Our stories are everywhere, not just in history books.

Samantha Dale: What I wish people knew when it came to Indigenous education is that we are still here. We matter, we want to be seen and heard, and valued. Let Indigenous people write the history. Learn about the people whose land your school is on. Become aware of where you are and who had to sacrifice for you to have that space because Indigenous people lost a lot for us to even exist on this land. Have the Indigenous communities around you be an active part of the education that you're providing, not just in November and not just on Columbus Day, but every day. 

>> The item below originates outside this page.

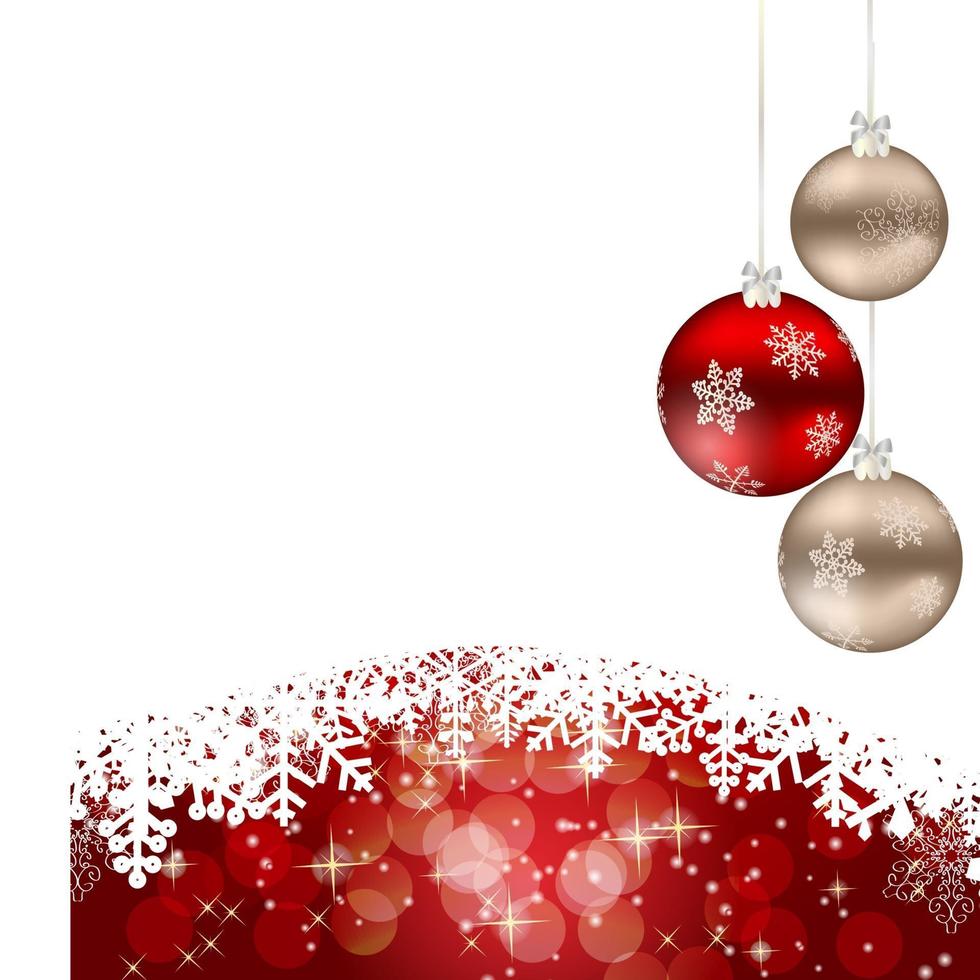 Abstract beauty Christmas and New Year background. vector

Lydia Yellow Hawk: When I think about indigenizing education, some people want to think about it in a pre-colonial context. Even though we do have that history we also have to think about where we are in our own history as well. Everything that we're experiencing as Indigenous peoples today is also a part of that history. And we need to think about our issues and our culture, our language, in a contemporary sense because we're not a people of the past. Yes, we honor our ancestors, we honor what did happen to us. But we also have to focus on the present and the future for the continued survival of our relatives.

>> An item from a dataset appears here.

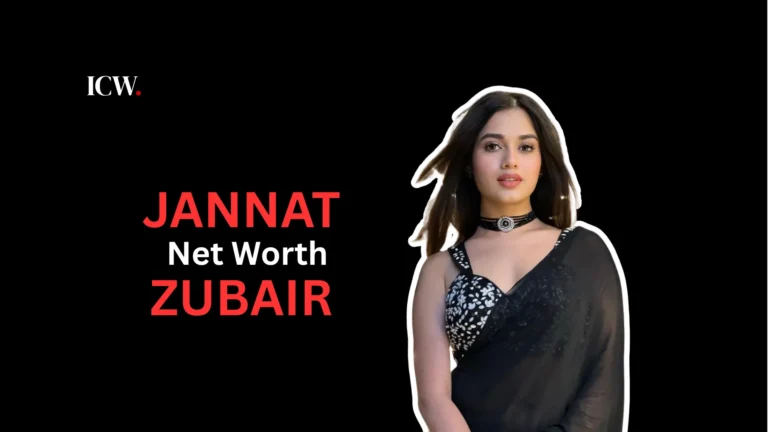 Jannat Zubair Net worth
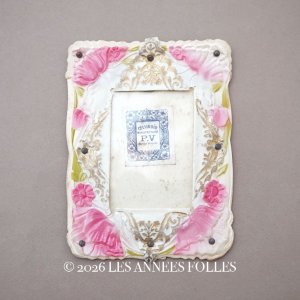 画像: ＊蚤の市＊ セルロイドのフォトフレーム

“We need to think about our issues and our culture, our language, in a contemporary sense because we're not a people of the past.”

Lydia Yellow Hawk

Middle School Teacher

South Dakota '19

Supporting the Next Generation of Leaders & Activists

With more Native educators, we are able to break down barriers to opportunity.

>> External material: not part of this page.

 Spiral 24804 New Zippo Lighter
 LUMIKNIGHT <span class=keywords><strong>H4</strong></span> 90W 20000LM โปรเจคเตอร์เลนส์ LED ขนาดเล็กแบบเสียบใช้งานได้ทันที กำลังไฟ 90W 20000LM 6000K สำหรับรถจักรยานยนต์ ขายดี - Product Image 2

Joshua Reid (Washington ‘94), associate professor, University of Washington, Snohomish Indian Nation.

Joshua Reid: I think it would encourage more Native students to complete high school, to go on to college and to see graduate school, master's degrees, and Ph.Ds as real possibilities. The population demographics for Native students are still among the worst with all of those metrics. And so the more of us who are in these types of positions where we can help to support Native students to make sure that they complete their college degree, I think that that can be a game-changer in the long run. 

I'm already seeing the ways that history itself as a discipline, especially U.S. history, history of the North American West, or even environmental history is changing because we have Native scholars doing the research and writing the scholarship. That has radically changed the discipline in those fields to be more inclusive, to tell more authentic stories, to write histories of the past in collaboration with Native nations, and working on projects that make sense to Indigenous peoples and are of value to them. 

Rennea Howell: I do believe my students are capable of anything. Whether or not they are given the opportunity to achieve those things is a different story. And I think it does tie into whether or not we are Indigenizing our curriculum, whether or not we have Indigenous representation, whether or not we're giving students those role models that they can strive to be like. I feel that in a lot of senses, the validity of having representation is often kind of looked at with a side-eye. It's not prioritized in the way that I think it should be.

Juana Castillo: For students growing up today, we want it to be the norm for them to see Indigenous people from their community in the classroom just like how I was growing up. I'm hoping that it becomes the norm and you see more Indigenous educators in the classroom motivating more of our students to achieve more.

Samantha Dale: I think what would be possible is that we are no longer invisible and we are fully represented in all spaces. If I look forward to my grandchildren in classrooms. I would want them to have a teacher who is bold and courageous and talks about all people and tells their true story. 

What I'm doing now is not only for this generation but for the rest of the generations to come. The work that I do at home, the education that we provide my sons about who they are and where they come from matters so much because I want them to walk into any space and proudly say, I am an Indigenous man. I am from the Haliwa-Saponi tribe. I am a proud North Carolinian. I am from a small community and I am here advocating for myself.